Aug. 5, Fairfax,Va.—Americans for Limited Government will be taking to the airwaves opposing President Trump’s proposed Executive Order tying U.S. drug prices to those dictated by foreign socialist governments.

The $2.2 million dollar first phase cable TV ad buy starts on August 6th focusing upon Florida, Ohio, Wisconsin, and Pennsylvania.

Americans for Limited Government President Rick Manning today issued the following statement regarding the TV ad buy:

“No one has been a bigger fan of President Donald Trump than I have been.  I have repeatedly defended him against repeated attacks from never Trump ne’er-do-wells, and will continue to do so.  But the issue of socialized medicine and the ramifications of the President’s proposed Executive Order are too serious to ignore.

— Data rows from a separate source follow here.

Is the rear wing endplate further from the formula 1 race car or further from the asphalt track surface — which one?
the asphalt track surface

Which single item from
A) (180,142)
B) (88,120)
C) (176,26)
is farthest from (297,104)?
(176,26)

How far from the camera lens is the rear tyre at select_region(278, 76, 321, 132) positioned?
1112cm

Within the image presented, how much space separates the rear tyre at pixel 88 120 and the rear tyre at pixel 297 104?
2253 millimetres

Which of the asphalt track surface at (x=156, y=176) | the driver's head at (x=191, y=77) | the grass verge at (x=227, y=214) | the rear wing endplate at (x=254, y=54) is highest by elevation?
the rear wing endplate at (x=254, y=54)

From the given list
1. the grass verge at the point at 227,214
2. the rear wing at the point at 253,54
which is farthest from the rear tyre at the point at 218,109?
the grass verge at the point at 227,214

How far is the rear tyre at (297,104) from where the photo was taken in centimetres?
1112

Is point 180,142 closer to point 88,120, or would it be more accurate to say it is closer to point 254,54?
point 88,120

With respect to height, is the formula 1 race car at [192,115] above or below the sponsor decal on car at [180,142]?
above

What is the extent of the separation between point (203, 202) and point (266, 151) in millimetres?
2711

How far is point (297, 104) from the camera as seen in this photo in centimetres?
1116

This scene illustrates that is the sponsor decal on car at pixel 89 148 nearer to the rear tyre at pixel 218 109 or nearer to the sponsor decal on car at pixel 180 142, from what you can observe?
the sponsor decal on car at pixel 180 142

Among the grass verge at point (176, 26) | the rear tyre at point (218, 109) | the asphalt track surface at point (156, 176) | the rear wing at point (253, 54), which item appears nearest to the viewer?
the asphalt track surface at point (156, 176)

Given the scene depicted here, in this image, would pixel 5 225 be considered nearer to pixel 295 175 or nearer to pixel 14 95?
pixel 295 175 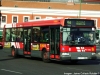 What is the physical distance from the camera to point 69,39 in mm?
20578

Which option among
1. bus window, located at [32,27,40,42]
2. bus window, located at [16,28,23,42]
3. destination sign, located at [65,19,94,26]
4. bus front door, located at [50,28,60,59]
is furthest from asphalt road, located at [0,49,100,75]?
bus window, located at [16,28,23,42]

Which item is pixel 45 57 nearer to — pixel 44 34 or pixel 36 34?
pixel 44 34

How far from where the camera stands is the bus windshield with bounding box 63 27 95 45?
67.5 feet

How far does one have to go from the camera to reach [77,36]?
67.9 feet

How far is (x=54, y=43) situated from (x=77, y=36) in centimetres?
170

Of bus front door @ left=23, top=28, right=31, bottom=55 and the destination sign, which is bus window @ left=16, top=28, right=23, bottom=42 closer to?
bus front door @ left=23, top=28, right=31, bottom=55

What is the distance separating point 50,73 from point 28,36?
10.0 meters

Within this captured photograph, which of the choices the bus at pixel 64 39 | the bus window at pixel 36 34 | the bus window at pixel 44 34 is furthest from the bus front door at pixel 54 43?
the bus window at pixel 36 34

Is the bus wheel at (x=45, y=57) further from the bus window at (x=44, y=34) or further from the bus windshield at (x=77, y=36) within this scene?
the bus windshield at (x=77, y=36)

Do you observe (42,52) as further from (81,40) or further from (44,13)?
(44,13)

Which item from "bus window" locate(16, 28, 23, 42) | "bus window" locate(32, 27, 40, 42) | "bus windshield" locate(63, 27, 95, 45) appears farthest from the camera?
"bus window" locate(16, 28, 23, 42)

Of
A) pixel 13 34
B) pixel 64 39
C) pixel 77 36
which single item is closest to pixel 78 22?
pixel 77 36

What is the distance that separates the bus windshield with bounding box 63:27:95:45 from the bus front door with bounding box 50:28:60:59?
68 centimetres

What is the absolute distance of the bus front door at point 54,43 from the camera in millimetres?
21203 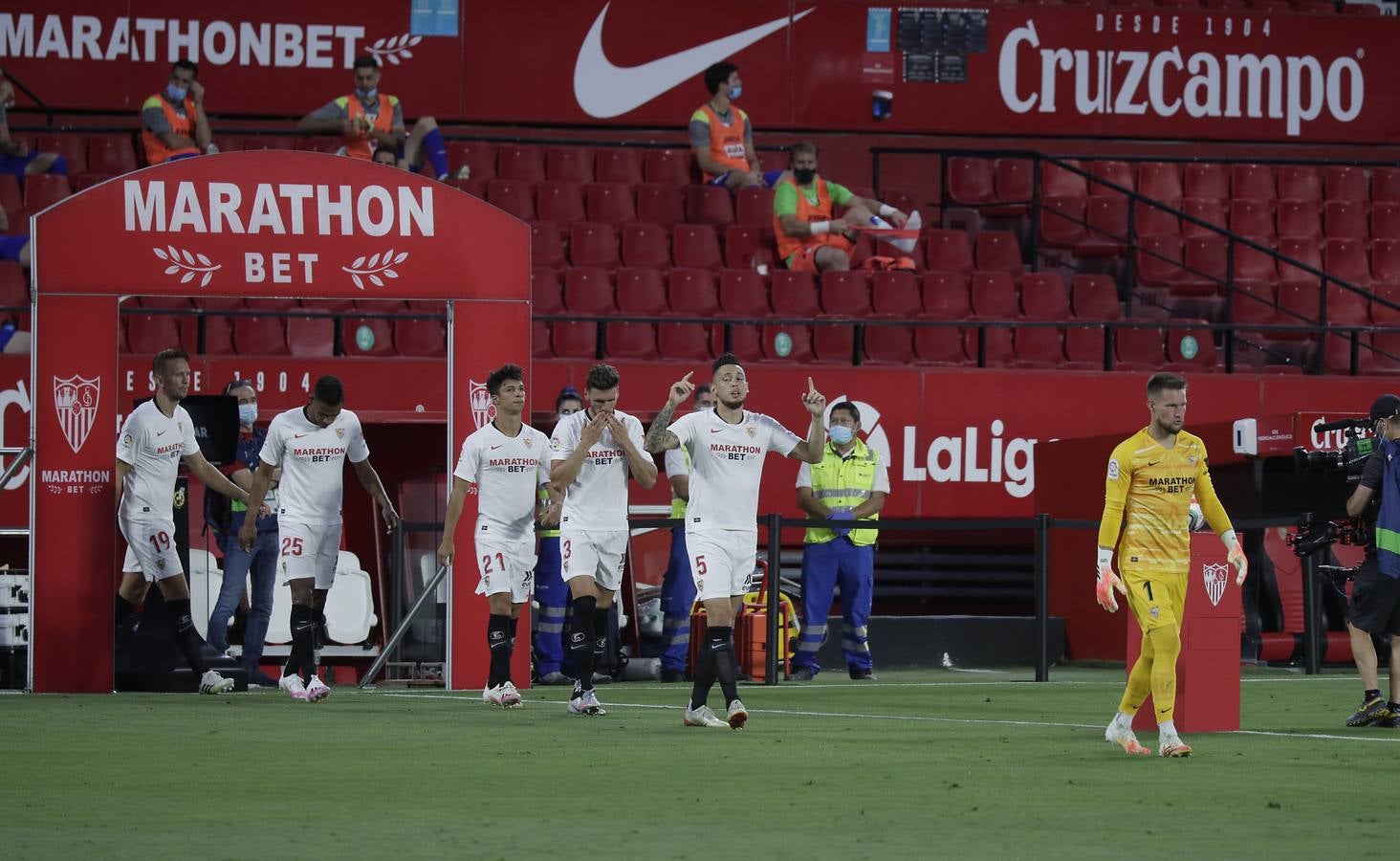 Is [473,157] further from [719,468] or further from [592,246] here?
[719,468]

“It is my firm hope that the President will reconsider this draconian step. Drug prices are a symptom of a deeper problem related to the high cost of bringing medicines to market ($2.6 billion according to the latest Tufts University study) and the length of time it takes to bring those treatments to market.

“The ad is respectful but extremely firm in making people aware of the danger of presidentially mandated prices based upon the whims of foreign governments. 

“President Trump gets so much right, Americans for Limited Government implores him to reconsider this mistake.”